Hakkı ve hakikati savunmaz isek, nasıl kaliteli ve ilkeli
bir toplum olacağız? Hakkı ve hakikati savunamayan, kaliteli ve ilkeli
insanlardan oluşmayan bir toplum nasıl ayakta kalacak? Kalitesiz toplumlardansa
hiç kimseye ne fayda gelir, ne de hayır.
Toplumun durumu
Toplumumuzda insanlar bir taraftan ideolojik, politik ve
particilik temelli, diğer taraftan da tarikat ve cemaat temelli mezhebî ve meşrebî
olarak o kadar kutuplaşmış, o kadar bölünmüş ve o kadar hoşgörüsüz hâle
gelmişler ki birazcık birisini ya da birilerini haklı olarak eleştirseniz,
birazcık birilerinin tekerinin önüne taş koysanız, birazcık kovanına çomak
soksanız kıyameti koparıyorlar.
Ağızlar bozuluyor, küfürler havada uçuşuyor, üslûp rafa
kalkıyor, sizi hemen yaftalayıp aforoz ediyorlar. Bilgi yok, fikir yok, hoşgörü
yok, dinlemek yok, anlamaya çalışmak yok, empati yok, sempati yok, tahammül
yok, yok oğlu yok!
Peki, o zaman biz, nasıl bir medenî toplum olacağız da
sorunlarımızı uhûlet ve suhûletle istişâre ederek çözeceğiz? Biz daha
birbirimizle konuşmayı dahi beceremiyoruz ki… Biz daha konuşma ve tartışma
âdâbını öğrenememişiz ki… Bizim, farklı görüş ve düşüncelere tahammülümüz
kalmamış ki… Biz daha birisi konuşurken dinlemeyi ve onun konuşmasına saygı göstermeyi
öğrenememişiz ki… Biz daha konuşma ve fikir beyan etme adâletini ve hürriyetini
(muhatabın da görüşlerini beyan etmesine izin verme) öğrenememişiz ki… Biz daha,
doğru düşünce ve fikirlere “Evet, doğru söylüyorsunuz” demeyi
öğrenememişiz ki… Biz daha, “Ben bu konuda yanlış biliyormuşum, yanıldım,
özür dilerim” demeyi öğrenememişiz ki… Biz daha, doğruyu söyleyene
nefsimizi ve gururumuzu yenerek teşekkür etmeyi beceremiyoruz ki…

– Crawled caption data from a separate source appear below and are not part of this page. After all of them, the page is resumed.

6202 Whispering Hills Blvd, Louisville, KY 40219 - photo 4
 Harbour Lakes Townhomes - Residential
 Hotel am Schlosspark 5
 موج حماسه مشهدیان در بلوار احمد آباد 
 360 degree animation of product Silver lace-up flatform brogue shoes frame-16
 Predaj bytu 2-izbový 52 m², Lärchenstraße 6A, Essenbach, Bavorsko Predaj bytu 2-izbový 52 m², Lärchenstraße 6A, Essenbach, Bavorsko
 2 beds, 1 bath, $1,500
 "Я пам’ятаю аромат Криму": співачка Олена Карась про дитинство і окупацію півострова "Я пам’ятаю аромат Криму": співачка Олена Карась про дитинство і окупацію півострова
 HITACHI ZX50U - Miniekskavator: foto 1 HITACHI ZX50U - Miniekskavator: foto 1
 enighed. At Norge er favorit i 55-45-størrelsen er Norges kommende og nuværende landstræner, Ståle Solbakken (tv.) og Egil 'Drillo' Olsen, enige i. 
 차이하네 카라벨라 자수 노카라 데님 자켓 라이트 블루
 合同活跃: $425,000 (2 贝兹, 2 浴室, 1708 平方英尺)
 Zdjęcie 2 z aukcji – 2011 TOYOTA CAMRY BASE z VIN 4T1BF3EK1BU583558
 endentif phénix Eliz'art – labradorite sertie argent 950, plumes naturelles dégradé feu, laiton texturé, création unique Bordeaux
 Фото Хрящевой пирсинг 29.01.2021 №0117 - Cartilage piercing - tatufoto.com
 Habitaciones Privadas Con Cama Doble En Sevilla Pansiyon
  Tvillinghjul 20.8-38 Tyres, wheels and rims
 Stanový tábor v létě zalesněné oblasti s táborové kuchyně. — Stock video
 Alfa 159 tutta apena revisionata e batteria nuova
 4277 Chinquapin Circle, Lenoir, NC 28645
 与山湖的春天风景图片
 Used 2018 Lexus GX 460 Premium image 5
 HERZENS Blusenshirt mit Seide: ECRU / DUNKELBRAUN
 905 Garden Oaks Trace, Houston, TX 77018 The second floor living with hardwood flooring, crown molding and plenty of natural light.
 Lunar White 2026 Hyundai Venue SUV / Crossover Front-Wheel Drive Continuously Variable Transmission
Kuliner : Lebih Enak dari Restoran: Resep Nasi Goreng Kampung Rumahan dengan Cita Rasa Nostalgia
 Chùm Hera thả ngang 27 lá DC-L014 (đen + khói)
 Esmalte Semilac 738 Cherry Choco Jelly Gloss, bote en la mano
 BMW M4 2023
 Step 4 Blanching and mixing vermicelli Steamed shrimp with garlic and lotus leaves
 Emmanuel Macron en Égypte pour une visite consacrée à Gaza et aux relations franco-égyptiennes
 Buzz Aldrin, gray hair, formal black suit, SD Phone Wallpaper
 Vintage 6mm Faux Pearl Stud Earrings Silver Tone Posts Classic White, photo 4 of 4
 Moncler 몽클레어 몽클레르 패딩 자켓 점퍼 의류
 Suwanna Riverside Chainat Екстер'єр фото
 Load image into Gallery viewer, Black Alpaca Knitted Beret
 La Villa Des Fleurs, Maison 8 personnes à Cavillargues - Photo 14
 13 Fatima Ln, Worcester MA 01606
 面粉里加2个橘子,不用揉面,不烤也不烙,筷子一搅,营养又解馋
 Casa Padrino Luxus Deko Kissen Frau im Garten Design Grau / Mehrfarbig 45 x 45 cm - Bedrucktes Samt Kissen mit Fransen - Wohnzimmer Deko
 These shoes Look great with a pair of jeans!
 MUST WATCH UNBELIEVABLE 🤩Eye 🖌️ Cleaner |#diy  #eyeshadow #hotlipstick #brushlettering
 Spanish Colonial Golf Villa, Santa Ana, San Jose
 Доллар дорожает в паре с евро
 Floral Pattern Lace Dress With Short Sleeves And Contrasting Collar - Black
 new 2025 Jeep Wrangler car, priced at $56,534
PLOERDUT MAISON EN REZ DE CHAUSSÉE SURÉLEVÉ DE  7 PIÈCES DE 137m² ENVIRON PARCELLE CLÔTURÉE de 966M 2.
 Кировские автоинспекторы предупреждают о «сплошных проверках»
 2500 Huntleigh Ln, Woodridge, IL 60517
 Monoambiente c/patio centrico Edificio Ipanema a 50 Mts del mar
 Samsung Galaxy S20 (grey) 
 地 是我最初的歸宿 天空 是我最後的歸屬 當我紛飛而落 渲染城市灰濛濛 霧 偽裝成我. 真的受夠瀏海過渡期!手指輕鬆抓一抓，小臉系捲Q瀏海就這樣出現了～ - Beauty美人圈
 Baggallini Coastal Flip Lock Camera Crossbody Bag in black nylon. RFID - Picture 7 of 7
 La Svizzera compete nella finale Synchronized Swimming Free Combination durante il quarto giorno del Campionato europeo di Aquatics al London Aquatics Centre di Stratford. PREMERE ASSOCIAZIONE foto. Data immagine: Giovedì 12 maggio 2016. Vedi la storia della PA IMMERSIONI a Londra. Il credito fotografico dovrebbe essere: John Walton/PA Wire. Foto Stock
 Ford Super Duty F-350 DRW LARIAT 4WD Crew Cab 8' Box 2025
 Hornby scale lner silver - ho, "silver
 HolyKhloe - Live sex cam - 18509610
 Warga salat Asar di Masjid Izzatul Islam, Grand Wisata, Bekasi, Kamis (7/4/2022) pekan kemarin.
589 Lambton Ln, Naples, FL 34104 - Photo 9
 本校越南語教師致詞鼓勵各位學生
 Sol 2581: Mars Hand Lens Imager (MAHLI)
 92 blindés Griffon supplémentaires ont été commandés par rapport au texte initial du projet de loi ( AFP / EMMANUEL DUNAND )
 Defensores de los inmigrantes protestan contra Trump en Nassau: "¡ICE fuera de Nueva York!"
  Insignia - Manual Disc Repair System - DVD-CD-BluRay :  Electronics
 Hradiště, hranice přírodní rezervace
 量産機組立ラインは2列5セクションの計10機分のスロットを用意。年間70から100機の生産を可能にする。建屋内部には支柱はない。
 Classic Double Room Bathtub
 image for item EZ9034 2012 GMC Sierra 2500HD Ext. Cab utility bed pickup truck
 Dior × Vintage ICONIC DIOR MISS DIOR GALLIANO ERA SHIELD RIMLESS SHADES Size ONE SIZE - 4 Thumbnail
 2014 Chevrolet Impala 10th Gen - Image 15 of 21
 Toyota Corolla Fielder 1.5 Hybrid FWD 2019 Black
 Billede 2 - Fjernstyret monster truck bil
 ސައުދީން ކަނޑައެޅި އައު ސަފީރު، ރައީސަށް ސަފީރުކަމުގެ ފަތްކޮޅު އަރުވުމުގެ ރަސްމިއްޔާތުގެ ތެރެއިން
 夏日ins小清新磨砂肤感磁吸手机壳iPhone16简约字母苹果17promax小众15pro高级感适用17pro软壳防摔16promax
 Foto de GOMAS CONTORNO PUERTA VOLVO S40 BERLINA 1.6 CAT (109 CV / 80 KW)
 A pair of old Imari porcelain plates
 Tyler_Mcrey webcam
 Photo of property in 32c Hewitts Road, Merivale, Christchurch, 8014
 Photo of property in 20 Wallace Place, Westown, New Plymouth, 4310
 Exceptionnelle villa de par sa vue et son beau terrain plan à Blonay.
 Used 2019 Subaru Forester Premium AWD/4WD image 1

Biz daha bu ülkede ilmin ve âlimin kıymetini hakkıyla
teslim etmeyi bilmiyoruz ki… Biz daha bu ülkede bilgi üreten bilim insanlarının
hakkını tam olarak vermiyoruz ki… Biz daha bu ülkede düşünce ve fikir üreten
mütefekkir ve münevverlere gereken saygıyı göstermiyoruz ki… Biz daha bu toplumda
“Oku!” emr-i İlâhîsinin mânâ, maksat, murat ve hikmet boyutunda ne
anlama geldiğini hakkıyla kavrayıp çözememiş ki…
İşte bundan dolayı İslâm’ın saçla sarıkla, kılla sakalla
işinin olmadığını bir türlü anlayamamışız. İşte din anlatan ve din satanların “İslâm”
denilince akıllarına bunlar gelirse, tabiî ki Allah’ın “hayat” kitabı
olan Kur’ân, “mehcûr” kalacaktır.
Sözün özü
Birileri “hakkı ve hakikati savunmaktan”, sadece ve
sadece kendi parti liderlerini, kendi partilerini, kendi cemaat ve tarikat
lider ve şeyhlerini, kendi mezhep ve meşreplerini, kalıplaşmış kendi ideolojik yapılarını
“körü körüne savunmak” olarak anlıyor ve algılıyor.
İşte toplumumuzun temel sorunu budur! Bu sorun, “Gordion’un kör düğümü” gibidir. Çözebilene aşk olsun!